• **Information**
-- -- --

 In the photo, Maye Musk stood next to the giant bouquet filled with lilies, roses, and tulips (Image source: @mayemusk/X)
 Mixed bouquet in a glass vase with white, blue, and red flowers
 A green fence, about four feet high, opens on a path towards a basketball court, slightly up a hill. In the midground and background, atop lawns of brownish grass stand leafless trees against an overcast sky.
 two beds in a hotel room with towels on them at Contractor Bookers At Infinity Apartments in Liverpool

-- -- --

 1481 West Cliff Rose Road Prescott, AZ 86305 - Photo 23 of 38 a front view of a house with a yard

-- -- --

• **Task prompt**
The reply should consist solely of the lines above from the one that has "In the photo, Maye" through the one that has "Mixed bouquet in", reproduced exactly.

• **Reply**
 In the photo, Maye Musk stood next to the giant bouquet filled with lilies, roses, and tulips (Image source: @mayemusk/X)
 Mixed bouquet in a glass vase with white, blue, and red flowers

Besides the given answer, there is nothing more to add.